* **Problem statement**: Below is a listing. Return the lines from the one that contains "A close-up of" to the one that contains "Bicycle rubber tire", both ends included, verbatim and with no pictures.
**** The input ****
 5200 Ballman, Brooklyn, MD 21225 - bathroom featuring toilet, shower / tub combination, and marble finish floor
****
**** The input ****
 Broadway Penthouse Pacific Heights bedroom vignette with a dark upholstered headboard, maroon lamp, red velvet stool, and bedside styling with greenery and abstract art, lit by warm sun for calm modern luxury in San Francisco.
****
**** The input ****
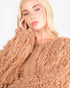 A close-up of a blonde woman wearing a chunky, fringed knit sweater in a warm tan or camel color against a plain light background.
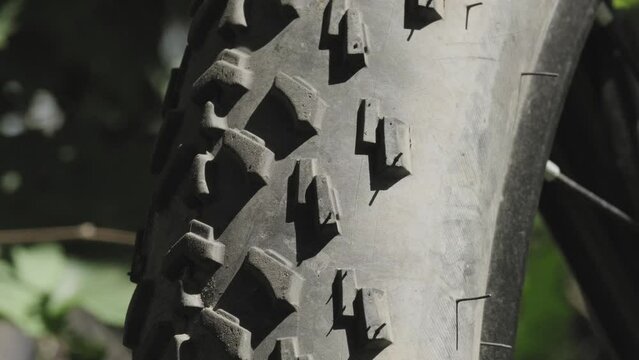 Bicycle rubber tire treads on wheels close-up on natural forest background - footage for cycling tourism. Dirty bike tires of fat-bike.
****
* **Reply to the exercise**:
 A close-up of a blonde woman wearing a chunky, fringed knit sweater in a warm tan or camel color against a plain light background.
 Bicycle rubber tire treads on wheels close-up on natural forest background - footage for cycling tourism. Dirty bike tires of fat-bike.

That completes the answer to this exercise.